Há pessoas que preparam uma frase simples por muitos minutos antes de enviá-la. Outras evitam uma reunião, uma festa, uma apresentação na escola ou até um pedido em uma loja. Na ansiedade social, não se trata apenas de timidez ou de preferência por ficar só: o encontro com o outro pode adquirir a força de uma ameaça, como se qualquer palavra, gesto ou silêncio pudesse expor algo insuportável.

Esse sofrimento costuma ser silencioso porque, por fora, a pessoa pode parecer apenas reservada, exigente consigo mesma ou pouco disponível. Por dentro, porém, há uma vigilância constante: como fui percebido? Falei demais? Pareci inadequado? O que pensarão de mim? Quando essas perguntas ocupam grande parte da vida psíquica, elas restringem escolhas, vínculos e possibilidades de circulação no mundo.

O que caracteriza a ansiedade social

A ansiedade social se manifesta como medo intenso de ser observado, avaliado negativamente, humilhado ou rejeitado em situações de convívio. Ela pode aparecer diante de grupos, mas também em contatos cotidianos: responder a uma mensagem, almoçar com colegas, fazer uma ligação, conversar com uma autoridade ou participar de uma aula.

O corpo frequentemente participa dessa experiência. Rubor, tremores, sudorese, taquicardia, falta de ar, náusea e sensação de “branco” podem surgir justamente quando a pessoa deseja se mostrar capaz. Depois do encontro, é comum que ela retome mentalmente cada detalhe, procurando provas de que fracassou ou decepcionou alguém.

Não existe uma única forma de sofrer com isso. Para alguns, a dificuldade se concentra em falar em público. Para outros, está em iniciar conversas, comer diante de pessoas, expor uma opinião ou ocupar um lugar de destaque. Em crianças e adolescentes, o sofrimento pode aparecer como recusa escolar, isolamento, choro antes de eventos, irritação ou queixas físicas recorrentes. Por essa razão, é preciso escutar o modo singular como o mal-estar se organiza em cada trajetória.

A timidez, por si só, não é uma doença e não precisa ser corrigida. Há quem prefira ambientes menores, leve mais tempo para criar intimidade ou se sinta mais confortável observando antes de falar. A questão clínica surge quando o medo impõe renúncias persistentes, causa sofrimento relevante ou faz com que a pessoa viva em função de evitar a exposição.

Por que o olhar do outro pode se tornar tão ameaçador?

Em uma perspectiva psicanalítica, o sintoma não é entendido apenas como um erro a ser eliminado. Ele também pode ser uma formação que procura dizer algo, ainda que de maneira dolorosa, sobre conflitos, fantasias, experiências e exigências que não encontraram outro caminho de expressão.

O olhar do outro nunca é somente o olhar concreto de colegas, familiares ou desconhecidos. Muitas vezes, ele vem carregado por imagens internalizadas de crítica, cobrança e comparação. Uma apresentação no trabalho pode reativar, sem que a pessoa perceba, antigas experiências de constrangimento. Uma conversa casual pode ser vivida sob a expectativa de ter de provar valor, inteligência, beleza ou pertencimento.

Isso não significa que toda ansiedade social tenha uma causa simples ou um episódio único que explique tudo. Relações familiares, experiências escolares, episódios de bullying, discriminação, mudanças culturais, modos de funcionamento psíquico e condições de vida podem participar de maneiras diferentes. Para brasileiros que vivem fora do país, por exemplo, falar outro idioma, lidar com códigos sociais desconhecidos ou sentir-se estrangeiro pode intensificar inseguranças já existentes. Ainda assim, reduzir o sofrimento à mudança de país seria ignorar a história particular de cada sujeito.

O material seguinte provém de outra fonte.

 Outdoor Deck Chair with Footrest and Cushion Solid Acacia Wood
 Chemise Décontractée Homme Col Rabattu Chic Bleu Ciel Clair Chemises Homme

Também é comum que a pessoa tenha uma imagem severa de si mesma. Ela supõe que os outros esperam desempenho impecável e interpreta hesitações normais como sinais de incompetência. Nesse circuito, a tentativa de nunca errar produz ainda mais tensão. Quanto maior a exigência de controle, menor pode ser a liberdade para falar, improvisar, desejar e estar em relação.

Evitar alivia, mas pode estreitar a vida

A esquiva costuma oferecer alívio imediato. Cancelar o encontro, manter a câmera desligada, não fazer perguntas ou delegar uma apresentação diminui a angústia naquele instante. O problema é que, com o tempo, a evitação pode confirmar a ideia de que a situação era realmente perigosa e ampliar o território do medo.

Não se trata de obrigar alguém a se expor de modo brusco ou de transformar a vida em um teste de coragem. Há situações sociais de fato hostis, relações abusivas e ambientes de trabalho que alimentam medo e insegurança. O cuidado exige distinguir entre uma ameaça concreta e uma angústia que se repete mesmo quando a situação não a justifica inteiramente. Essa diferença só pode ser construída com escuta, tempo e atenção ao contexto.

Como a psicoterapia pode ajudar

O objetivo de um tratamento não é ensinar a pessoa a parecer extrovertida, nem impor um modelo de sociabilidade. Trata-se de criar condições para que ela possa falar sobre o que teme, reconhecer os sentidos de suas inibições e construir outras posições diante do desejo e do olhar alheio.

Na clínica psicanalítica, a fala não é um detalhe preliminar antes de uma técnica pronta. Ela é o próprio campo do trabalho. Ao associar livremente, a pessoa pode aproximar lembranças, fantasias, sonhos, cenas aparentemente sem importância e repetições de sua vida atual. Aos poucos, aquilo que se apresentava apenas como aperto no peito antes de uma reunião pode ganhar palavras, relações e contornos.

Esse percurso não oferece promessas de desaparecimento rápido de todo desconforto. Em certos momentos, aproximar-se de questões evitadas pode produzir mais inquietação antes que novas elaborações se consolidem. Por outro lado, tratar somente a manifestação imediata do sintoma, sem interrogar sua função na história subjetiva, pode deixar intocados os conflitos que retornam sob outras formas.

A medicação pode ser indicada em alguns casos e deve ser avaliada por profissional médico ou psiquiatra. Ela pode reduzir sintomas que estão muito intensos e permitir maior disponibilidade para a vida e para o tratamento. Mas sua presença ou ausência não substitui a investigação do sofrimento psíquico. As escolhas de cuidado dependem da gravidade dos sintomas, das condições de vida, de comorbidades e, sobretudo, da escuta cuidadosa de cada caso.

Pequenos sinais que merecem atenção

Vale considerar a busca por ajuda quando a preocupação com julgamentos passa a orientar decisões importantes: deixar de estudar, recusar oportunidades profissionais, abandonar vínculos, evitar consultas de saúde ou permanecer em relações insatisfatórias por medo de desagradar. Também merece atenção quando há uso frequente de álcool ou outras substâncias para suportar encontros sociais, pois esse recurso pode trazer consequências importantes e encobrir o sofrimento por algum tempo.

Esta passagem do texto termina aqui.